Favorite Game Series #3: Dragon Age

Dragon Age: Inquisition

I’ve been back and forth on this entry. Whether it should be this high on the list. Whether it should even be on this list. And yet I feel if this wasn’t on the list, I’d regret it. Because the fact is, I really enjoyed my time with the Dragon Age games.

Dragon Age: Origins was my first exposure to the modern multi-character Mass Effect-style epic RPG for which Bioware was famous. I’d played Baldur’s Gate and Neverwinter Nights, but this was something special. Half a dozen different origins — entirely different opening chapters to the game depending upon the race and heritage you chose at the beginning. Elves were reviled. Mages were hated and feared. The classic RPG tropes were turned on their heads.

I played through the game with every origin.

As with Dungeon Siege, I liked best the feeling of just being one member of the party.
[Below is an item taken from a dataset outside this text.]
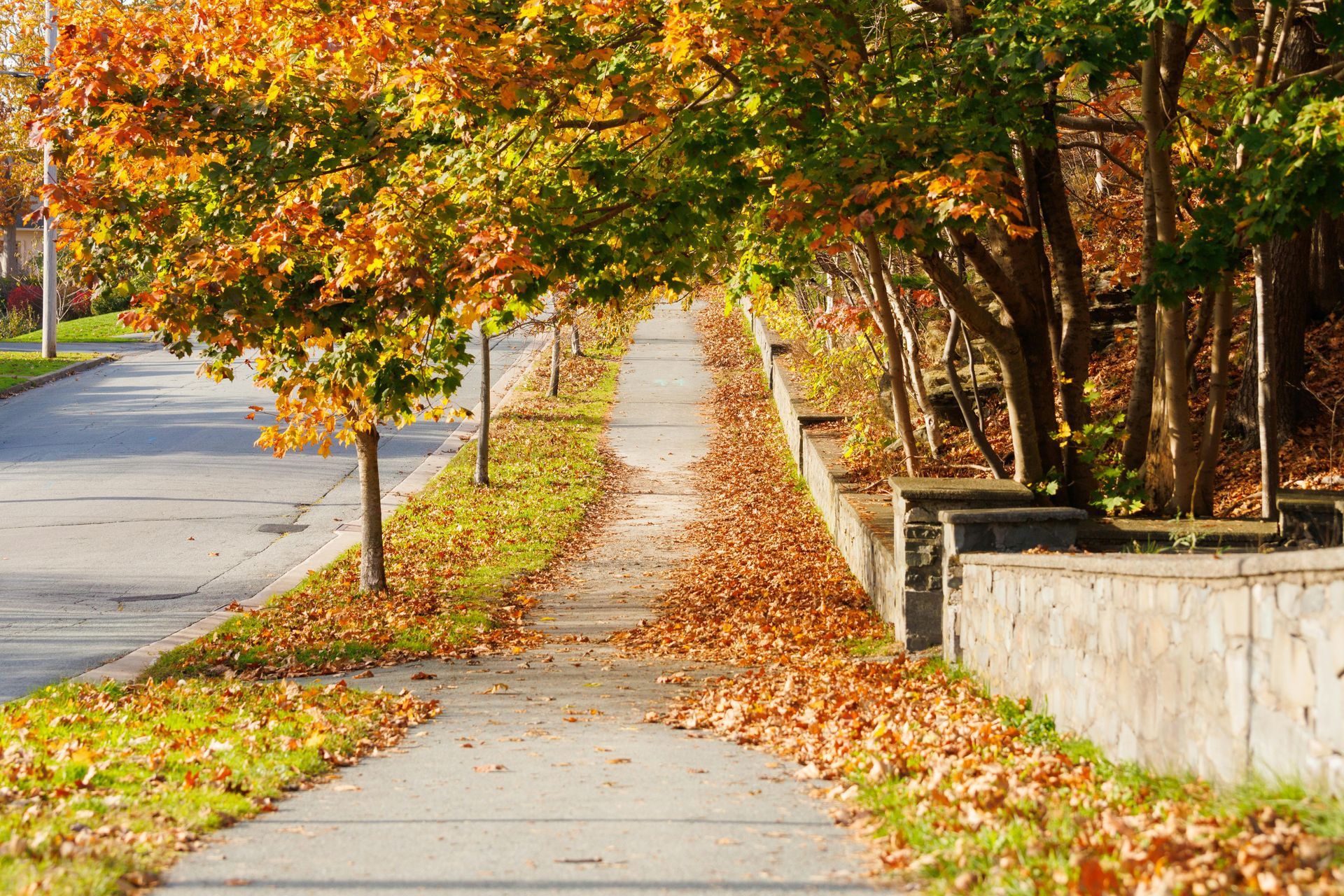 Cooper-Young Memphis street with local shops and restaurants near short-term rental properties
It was possible to micromanage every character, but I just was content to focus on one at a time (and not always mine) and let the nature of the party develop organically with the gear we’d get, the quests we were doing, and whose story we were on.

I couldn’t have anticipated Dungeon Age II more. DA2 was a very different game, though. Instead of a party you could mold as you liked, each character had their own job and their own gear that could not be shared. A lot of the value to replaying was lost, and I never did feel a need to replay it. The story, however, was even better than in the first game, and there were no annoying interludes as with the infamous “Fade” chapter. Playing DA2 was like playing a novel.

Dragon Age: Inquisition overturned the apple cart once again. Instead of a linear narrative as in the first two games, DA:I was a “map” type game. Your main camp had a literal map in it, and you’d select a portion to go to, and then you’d move between quest markers, opening up new areas and completing quests. Although there was a story that happened in bits and pieces when an area was cleared, the story itself never felt very compelling. I had issues running the game (it didn’t like my video card) and never did get around to finishing it.

Dragon Age Legends was a relic of Facebook’s brief time as a gaming destination

One game I replayed so many times. A second game I played once. A third I never finished. And a fourth (Dragon Age Legends) into which I sunk altogether too much time until EA shut it down. This series is above Dungeon Siege and Portal?

I had a hard time thinking of game series that I really enjoyed, and I have to admit that there is a wide chasm between this series and the series that is #2 on my list. Truth is, though, that if a Dragon Age 4 were announced, I’d be first in line. Bioware shuffled things up each game, and I can’t wait to see what they’d do with the franchise next.